The People Make a Golden Calf to Worship

Topic: Guilt
Passage: Exodus 32:1–10

March 7, 2021

Commentary

Even though the Israelites had witnessed the invisible God’s mighty power, they still wanted visible gods they could see and shape in their own way (vv. 1–10). Not long after they had promised to follow the LORD as His covenant people, they asked Aaron to make them an image to worship. Aaron agreed and collected their gold earrings, melting them down and shaping the gold into a calf (vv. 1–4). Coming out of Egypt, where bull idols represented strength and life, this seemed natural to them. They wanted a god they could touch—a god that seemed familiar and easy to control. But this was a great sin against the LORD, who had rescued them from slavery.

Aaron built an altar in front of the golden calf and announced a festival to the LORD. The people offered sacrifices, ate and drank, and acted wildly, celebrating like their pagan neighbors (vv. 5–6). In their impatience and desire for comfort, they forgot the holiness of the God Who had delivered them. We are often like them—tempted to make God fit our ideas, to shape Him into someone easy to ignore.

Meanwhile, God told Moses to go down quickly because the people had corrupted themselves (v. 7). They had turned away from His commands, bowing before the idol and crediting it with bringing them out of Egypt (v. 8). God called them a stubborn and rebellious people, full of pride and disobedience. His anger burned so fiercely that He spoke of destroying them and beginning again through Moses (vv. 9–10). God reminded Moses that His law had clearly forbidden the making of any carved image or likeness of anything in heaven, on earth, or under the sea (EXO 20:4).

Application

Even if I do not make idols, I am often guilty of trying to make God fit my image, molding him to fit my expectations, desires, and circumstances. When I do this I end up worshiping myself rather than the God who created me. When I am tempted to do this I need to change my thinking in order to worship the powerful God who delivered me from the bondage of sin?

Exodus 32:1–10 (NET)

1 When the people saw that Moses delayed in coming down from the mountain, they gathered around Aaron and said to him, “Get up, make us gods that will go before us.
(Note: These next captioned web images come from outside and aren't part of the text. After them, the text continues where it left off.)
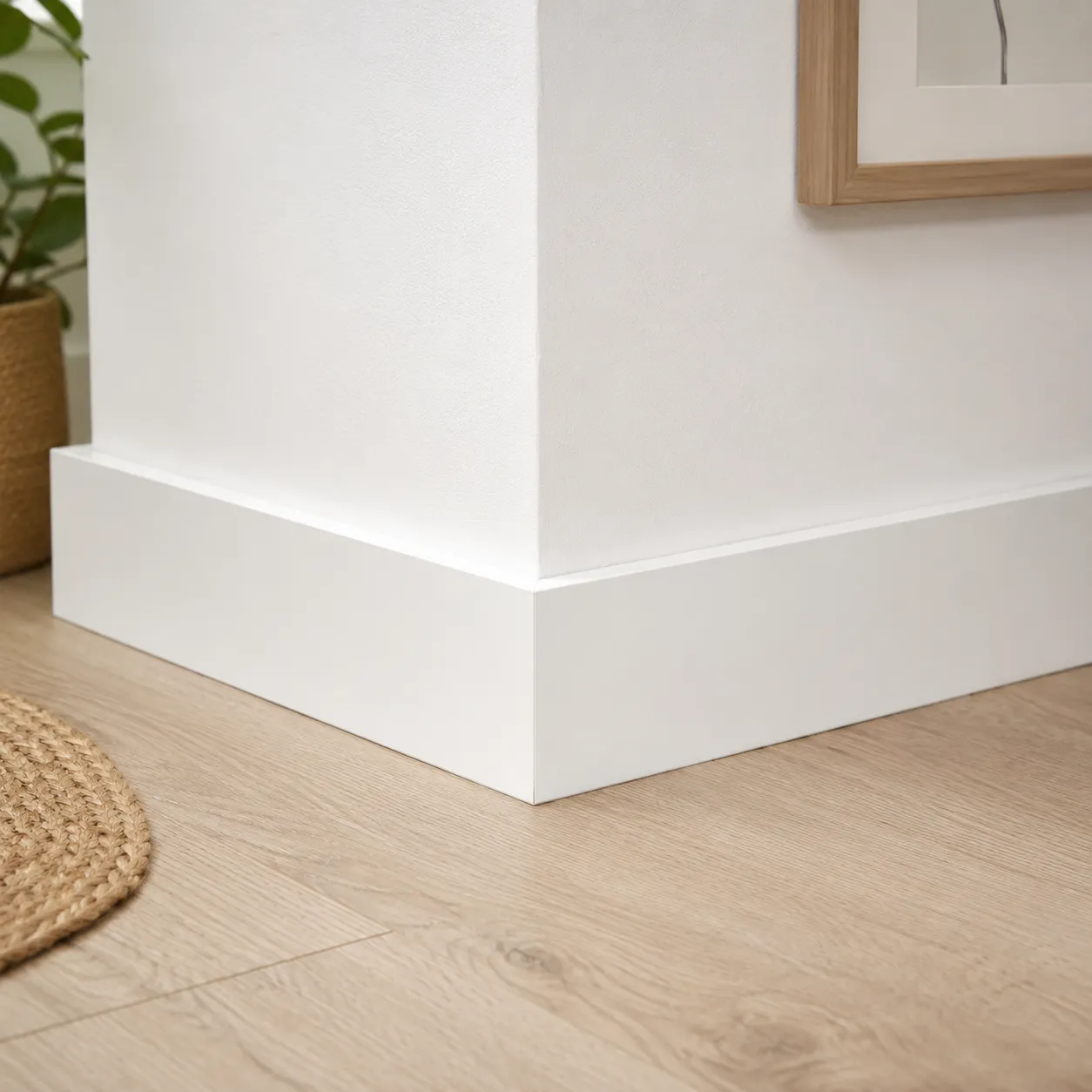 Obras accesorios  GR Rodapié  Blanco canto cuadrado PVC 90x12x2,25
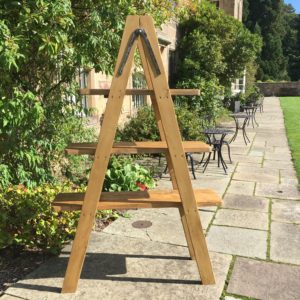 Wooden A Frame Display Drinks Stand Hire Scotland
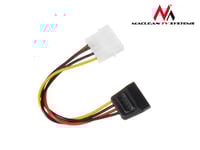 Maclean Molex - Sata, 0,15 M, Flerfärgad (Mctv-633)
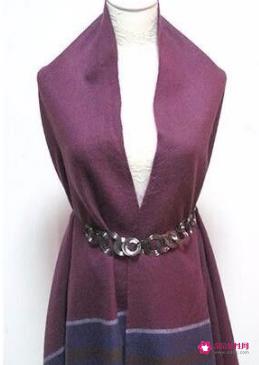 披肩的各种系法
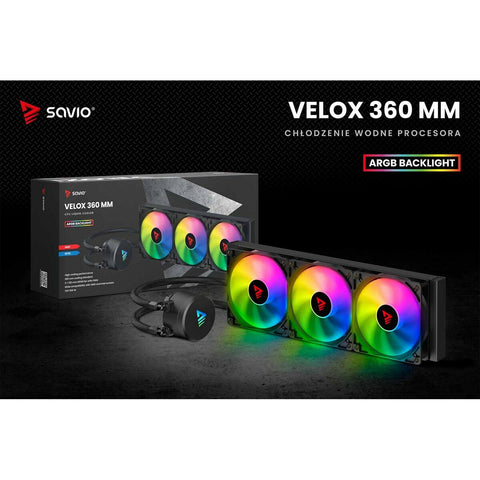 Liquid Refrigeration Kit Savio VELOX 360 MM Liquid Refrigeration Kit Savio VELOX 360 MM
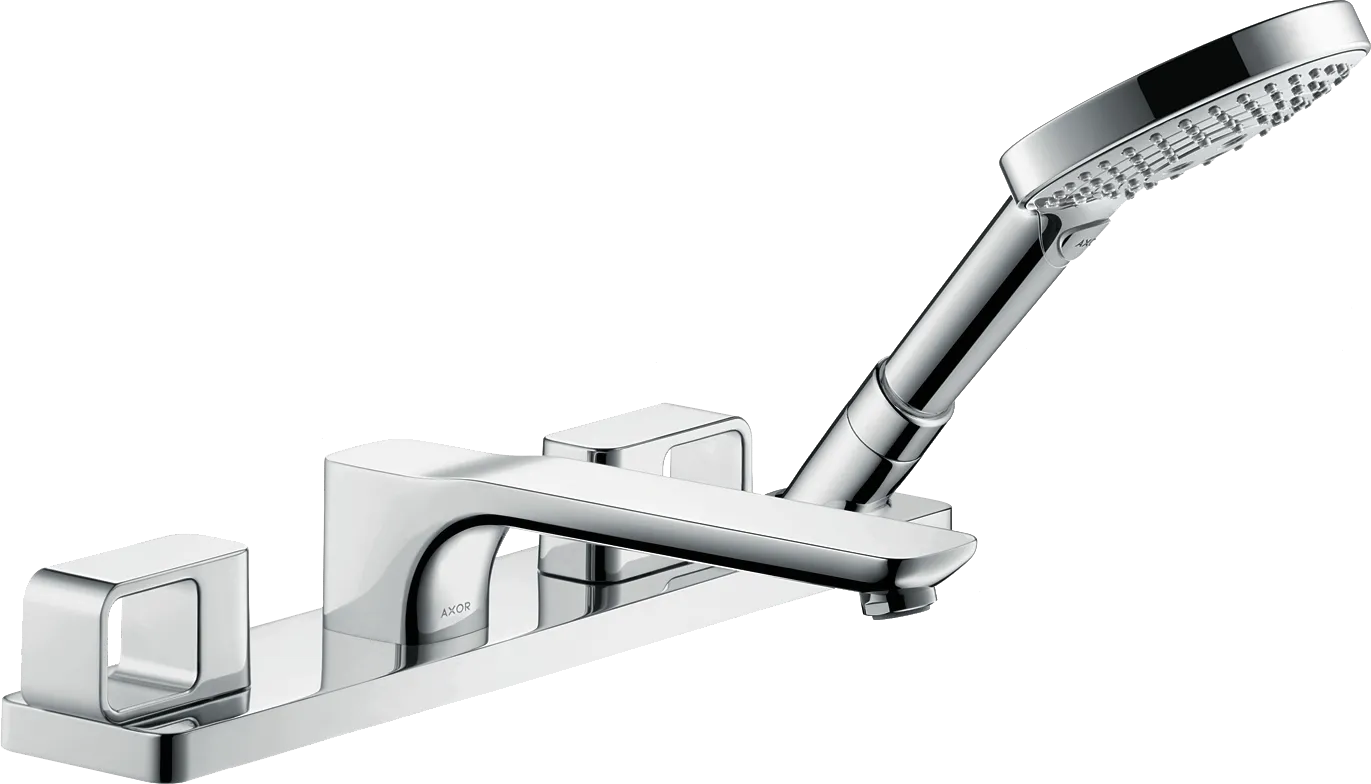 Hansgrohe AXOR Urquiola 4-Loch Wannenrandarmatur, Chrom Hansgrohe AXOR Urquiola 4-Loch Wannenrandarmatur, Chrom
As for this fellow Moses, the man who brought us up from the land of Egypt, we do not know what has become of him!”

2 So Aaron said to them, “Break off the gold earrings that are on the ears of your wives, your sons, and your daughters, and bring them to me.” 3 So all the people broke off the gold earrings that were on their ears and brought them to Aaron. 4 He accepted the gold from them, fashioned it with an engraving tool, and made a molten calf. Then they said, “These are your gods, O Israel, who brought you up out of Egypt.”
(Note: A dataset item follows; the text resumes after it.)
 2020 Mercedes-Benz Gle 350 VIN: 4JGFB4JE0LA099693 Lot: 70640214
5 When Aaron saw this, he built an altar before it, and Aaron made a proclamation and said, “Tomorrow will be a feast to the Lord.” 6 So they got up early on the next day and offered up burnt offerings and brought peace offerings, and the people sat down to eat and drink, and they rose up to play.

7 The Lord spoke to Moses, “Go quickly, descend, because your people, whom you brought up from the land of Egypt, have acted corruptly. 8 They have quickly turned aside from the way that I commanded them—they have made for themselves a molten calf and have bowed down to it and sacrificed to it and said, ‘These are your gods, O Israel, which brought you up from the land of Egypt.’”

9 Then the Lord said to Moses, “I have seen this people. Look what a stiff-necked people they are! 10 So now, leave me alone so that my anger can burn against them and I can destroy them, and I will make from you a great nation.”